EXERCISE DETAILS
Return every line from the one with "Bikeaholic T-Shirt - Motorcycle Rider Tee" through the one with "Australian home journal", inclusive, exactly as it appears below.

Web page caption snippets

● ● ● ● ●

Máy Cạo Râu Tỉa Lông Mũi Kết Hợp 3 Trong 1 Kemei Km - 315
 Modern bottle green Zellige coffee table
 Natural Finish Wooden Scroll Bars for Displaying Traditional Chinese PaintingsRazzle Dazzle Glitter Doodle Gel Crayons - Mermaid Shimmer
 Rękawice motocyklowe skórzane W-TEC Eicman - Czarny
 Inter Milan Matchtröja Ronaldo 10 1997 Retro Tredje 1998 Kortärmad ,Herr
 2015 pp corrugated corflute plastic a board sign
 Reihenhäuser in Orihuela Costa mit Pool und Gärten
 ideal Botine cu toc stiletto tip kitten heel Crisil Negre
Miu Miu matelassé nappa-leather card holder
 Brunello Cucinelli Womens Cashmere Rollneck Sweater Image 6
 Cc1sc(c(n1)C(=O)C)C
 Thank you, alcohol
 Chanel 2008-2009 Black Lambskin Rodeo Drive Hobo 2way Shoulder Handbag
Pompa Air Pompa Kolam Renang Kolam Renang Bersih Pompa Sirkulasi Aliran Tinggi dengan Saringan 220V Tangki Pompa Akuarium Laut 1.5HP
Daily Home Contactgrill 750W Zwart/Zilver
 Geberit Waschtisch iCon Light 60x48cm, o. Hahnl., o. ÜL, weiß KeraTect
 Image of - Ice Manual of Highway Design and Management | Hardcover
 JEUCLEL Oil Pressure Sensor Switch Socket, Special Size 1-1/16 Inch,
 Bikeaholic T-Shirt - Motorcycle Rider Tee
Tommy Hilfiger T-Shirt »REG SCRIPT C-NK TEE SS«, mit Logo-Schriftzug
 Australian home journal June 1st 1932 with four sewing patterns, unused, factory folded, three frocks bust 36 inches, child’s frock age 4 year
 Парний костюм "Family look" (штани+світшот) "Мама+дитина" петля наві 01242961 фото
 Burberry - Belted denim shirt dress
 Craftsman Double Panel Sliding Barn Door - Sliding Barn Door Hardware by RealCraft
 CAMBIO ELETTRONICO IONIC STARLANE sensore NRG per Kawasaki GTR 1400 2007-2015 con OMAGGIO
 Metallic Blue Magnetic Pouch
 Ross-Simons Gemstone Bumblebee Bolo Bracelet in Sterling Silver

● ● ● ● ●

RESPONSE AREA
 Bikeaholic T-Shirt - Motorcycle Rider Tee
Tommy Hilfiger T-Shirt »REG SCRIPT C-NK TEE SS«, mit Logo-Schriftzug
 Australian home journal June 1st 1932 with four sewing patterns, unused, factory folded, three frocks bust 36 inches, child’s frock age 4 year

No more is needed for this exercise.